* **WHAT THE TASK REQUIRES**
Every record below should be repeated exactly, with the pictures left out.

* **SUPPLIED ENTRIES**
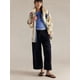 thumbnail image 5 of Pantalones Vaqueros Estilo Barril para Mujer, Informales, Anchos, Elásticos, de Tiro Medio, Estilo Boyfriend, Y2k, Holgados, con Cordón. Negro L, 5 of 8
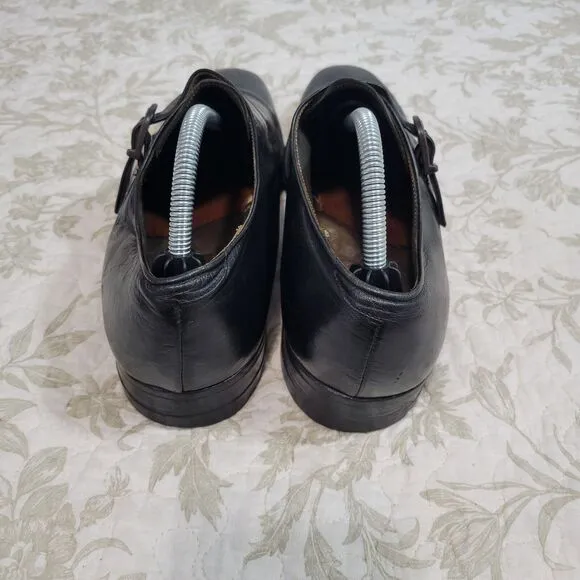 Alden Black Monk Strap Mens Calfskin Leather‎  Dress Shoes Size 9.5 A/C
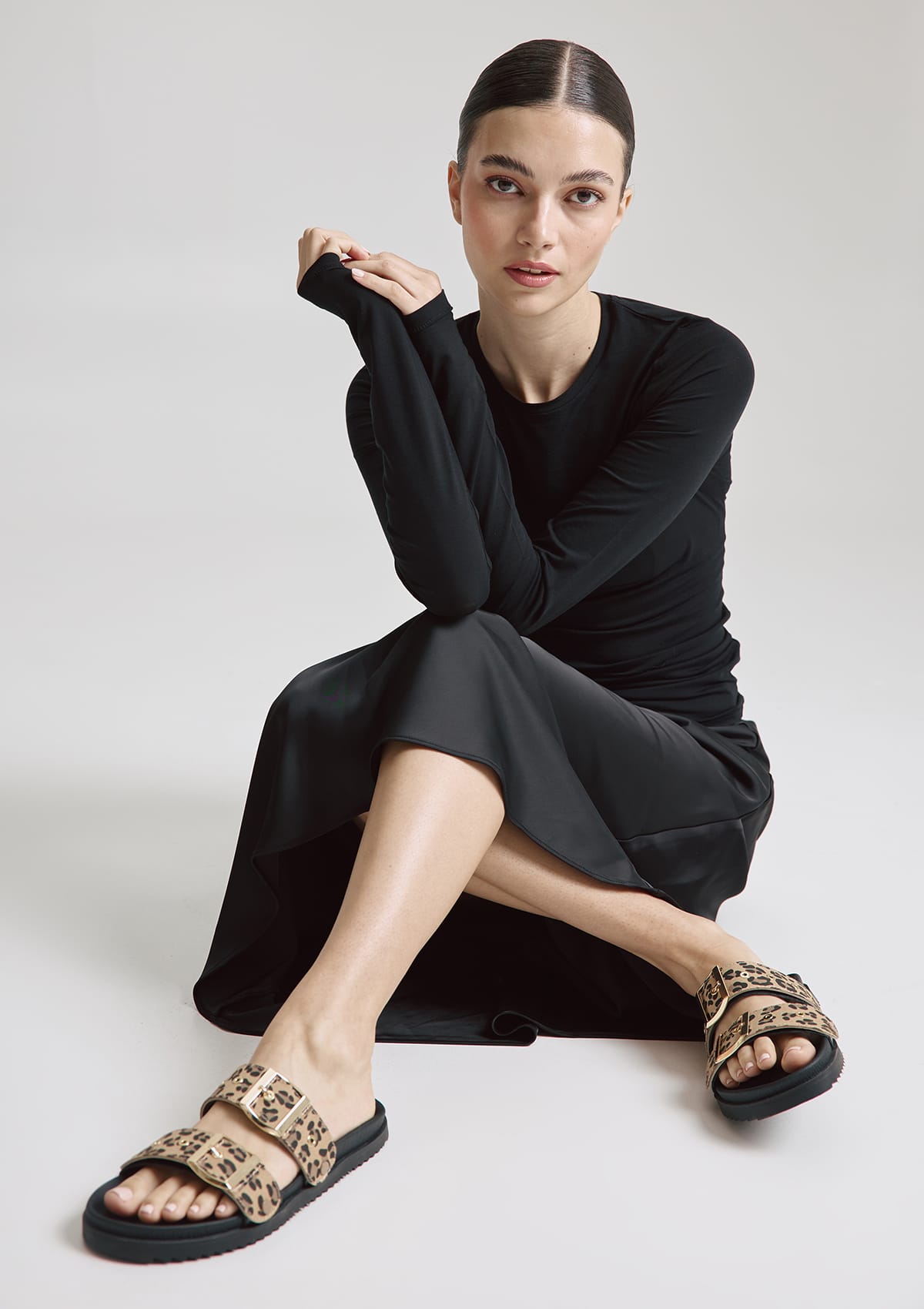 Animal Print - Casual Clean Black
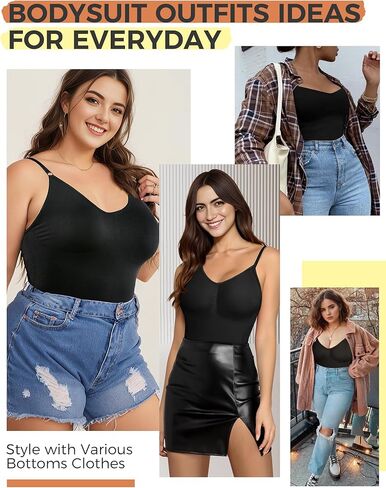 Shapewear for Women Tummy Control, Black Bodysuit Seamless Body Shaper Tank Top Body Suit 2XL in Kuwait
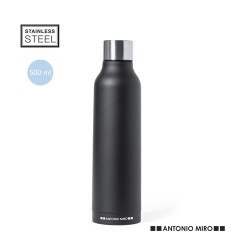 Bouteille Isotherme Personnalisée Thermique Thomson Matières : acier inoxydable Couleurs : noir 2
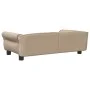 Cama para perros de cuero sintético color capuchino 95x55x30 cm de vidaXL, Camas para perros - Ref: Foro24-171821, Precio: 83...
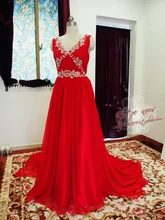 robe de soiree red chiffon long prom dresses 2015 new style sexy v-neck a-line appliques beading party evening dress vestidos
robe de soiree red chiffon long prom dresses 2015 new style sexy v-neck a-line appliques beading party evening dress vestidos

* **TASK ANSWER**
 thumbnail image 5 of Pantalones Vaqueros Estilo Barril para Mujer, Informales, Anchos, Elásticos, de Tiro Medio, Estilo Boyfriend, Y2k, Holgados, con Cordón. Negro L, 5 of 8
 Alden Black Monk Strap Mens Calfskin Leather‎  Dress Shoes Size 9.5 A/C
 Animal Print - Casual Clean Black
 Shapewear for Women Tummy Control, Black Bodysuit Seamless Body Shaper Tank Top Body Suit 2XL in Kuwait
 Bouteille Isotherme Personnalisée Thermique Thomson Matières : acier inoxydable Couleurs : noir 2
 Cama para perros de cuero sintético color capuchino 95x55x30 cm de vidaXL, Camas para perros - Ref: Foro24-171821, Precio: 83...
 robe de soiree red chiffon long prom dresses 2015 new style sexy v-neck a-line appliques beading party evening dress vestidos
robe de soiree red chiffon long prom dresses 2015 new style sexy v-neck a-line appliques beading party evening dress vestidos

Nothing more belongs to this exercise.